### Dataset excerpts

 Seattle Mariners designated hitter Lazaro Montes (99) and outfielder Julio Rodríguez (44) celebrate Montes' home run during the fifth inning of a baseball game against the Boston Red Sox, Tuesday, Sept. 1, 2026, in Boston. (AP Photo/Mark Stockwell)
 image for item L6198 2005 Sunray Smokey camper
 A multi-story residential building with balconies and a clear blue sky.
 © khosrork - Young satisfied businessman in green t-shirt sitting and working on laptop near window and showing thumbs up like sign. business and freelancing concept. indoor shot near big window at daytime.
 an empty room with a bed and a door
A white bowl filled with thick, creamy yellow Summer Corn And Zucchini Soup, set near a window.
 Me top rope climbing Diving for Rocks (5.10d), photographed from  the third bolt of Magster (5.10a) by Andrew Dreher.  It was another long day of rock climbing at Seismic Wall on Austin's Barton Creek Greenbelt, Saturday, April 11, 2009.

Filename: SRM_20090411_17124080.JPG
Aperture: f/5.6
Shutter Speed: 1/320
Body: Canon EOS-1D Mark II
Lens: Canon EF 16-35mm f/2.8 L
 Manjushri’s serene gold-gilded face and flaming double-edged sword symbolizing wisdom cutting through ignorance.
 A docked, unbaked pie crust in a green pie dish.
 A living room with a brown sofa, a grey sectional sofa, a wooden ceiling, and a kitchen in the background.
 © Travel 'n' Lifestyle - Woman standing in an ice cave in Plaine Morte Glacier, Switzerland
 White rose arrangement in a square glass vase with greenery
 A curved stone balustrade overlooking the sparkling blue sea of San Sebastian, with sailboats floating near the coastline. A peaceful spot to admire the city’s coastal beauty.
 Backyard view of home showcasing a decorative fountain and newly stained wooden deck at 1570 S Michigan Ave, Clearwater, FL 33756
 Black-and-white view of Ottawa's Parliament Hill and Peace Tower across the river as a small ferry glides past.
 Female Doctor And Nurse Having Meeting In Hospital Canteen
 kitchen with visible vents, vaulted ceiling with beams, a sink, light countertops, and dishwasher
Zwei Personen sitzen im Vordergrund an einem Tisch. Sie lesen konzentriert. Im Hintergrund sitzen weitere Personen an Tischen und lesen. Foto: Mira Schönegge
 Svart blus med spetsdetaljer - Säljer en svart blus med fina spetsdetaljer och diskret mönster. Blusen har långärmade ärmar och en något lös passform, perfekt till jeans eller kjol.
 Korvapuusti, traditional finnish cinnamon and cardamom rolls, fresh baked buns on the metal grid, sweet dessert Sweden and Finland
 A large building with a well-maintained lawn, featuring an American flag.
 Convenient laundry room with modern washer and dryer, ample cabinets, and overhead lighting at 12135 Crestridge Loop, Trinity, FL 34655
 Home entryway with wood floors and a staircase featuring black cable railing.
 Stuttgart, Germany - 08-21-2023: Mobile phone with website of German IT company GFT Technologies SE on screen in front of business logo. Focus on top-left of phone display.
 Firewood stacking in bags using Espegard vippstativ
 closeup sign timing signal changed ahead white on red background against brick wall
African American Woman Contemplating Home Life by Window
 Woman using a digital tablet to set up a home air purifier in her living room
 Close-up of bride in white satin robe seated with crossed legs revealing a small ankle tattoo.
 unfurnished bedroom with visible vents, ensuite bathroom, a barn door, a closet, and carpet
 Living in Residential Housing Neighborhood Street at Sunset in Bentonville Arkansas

######

■ **Aim of the task**
All of the records above should be repeated exactly.

■ **Result for this task**
 Seattle Mariners designated hitter Lazaro Montes (99) and outfielder Julio Rodríguez (44) celebrate Montes' home run during the fifth inning of a baseball game against the Boston Red Sox, Tuesday, Sept. 1, 2026, in Boston. (AP Photo/Mark Stockwell)
 image for item L6198 2005 Sunray Smokey camper
 A multi-story residential building with balconies and a clear blue sky.
 © khosrork - Young satisfied businessman in green t-shirt sitting and working on laptop near window and showing thumbs up like sign. business and freelancing concept. indoor shot near big window at daytime.
 an empty room with a bed and a door
A white bowl filled with thick, creamy yellow Summer Corn And Zucchini Soup, set near a window.
 Me top rope climbing Diving for Rocks (5.10d), photographed from  the third bolt of Magster (5.10a) by Andrew Dreher.  It was another long day of rock climbing at Seismic Wall on Austin's Barton Creek Greenbelt, Saturday, April 11, 2009.

Filename: SRM_20090411_17124080.JPG
Aperture: f/5.6
Shutter Speed: 1/320
Body: Canon EOS-1D Mark II
Lens: Canon EF 16-35mm f/2.8 L
 Manjushri’s serene gold-gilded face and flaming double-edged sword symbolizing wisdom cutting through ignorance.
 A docked, unbaked pie crust in a green pie dish.
 A living room with a brown sofa, a grey sectional sofa, a wooden ceiling, and a kitchen in the background.
 © Travel 'n' Lifestyle - Woman standing in an ice cave in Plaine Morte Glacier, Switzerland
 White rose arrangement in a square glass vase with greenery
 A curved stone balustrade overlooking the sparkling blue sea of San Sebastian, with sailboats floating near the coastline. A peaceful spot to admire the city’s coastal beauty.
 Backyard view of home showcasing a decorative fountain and newly stained wooden deck at 1570 S Michigan Ave, Clearwater, FL 33756
 Black-and-white view of Ottawa's Parliament Hill and Peace Tower across the river as a small ferry glides past.
 Female Doctor And Nurse Having Meeting In Hospital Canteen
 kitchen with visible vents, vaulted ceiling with beams, a sink, light countertops, and dishwasher
Zwei Personen sitzen im Vordergrund an einem Tisch. Sie lesen konzentriert. Im Hintergrund sitzen weitere Personen an Tischen und lesen. Foto: Mira Schönegge
 Svart blus med spetsdetaljer - Säljer en svart blus med fina spetsdetaljer och diskret mönster. Blusen har långärmade ärmar och en något lös passform, perfekt till jeans eller kjol.
 Korvapuusti, traditional finnish cinnamon and cardamom rolls, fresh baked buns on the metal grid, sweet dessert Sweden and Finland
 A large building with a well-maintained lawn, featuring an American flag.
 Convenient laundry room with modern washer and dryer, ample cabinets, and overhead lighting at 12135 Crestridge Loop, Trinity, FL 34655
 Home entryway with wood floors and a staircase featuring black cable railing.
 Stuttgart, Germany - 08-21-2023: Mobile phone with website of German IT company GFT Technologies SE on screen in front of business logo. Focus on top-left of phone display.
 Firewood stacking in bags using Espegard vippstativ
 closeup sign timing signal changed ahead white on red background against brick wall
African American Woman Contemplating Home Life by Window
 Woman using a digital tablet to set up a home air purifier in her living room
 Close-up of bride in white satin robe seated with crossed legs revealing a small ankle tattoo.
 unfurnished bedroom with visible vents, ensuite bathroom, a barn door, a closet, and carpet
 Living in Residential Housing Neighborhood Street at Sunset in Bentonville Arkansas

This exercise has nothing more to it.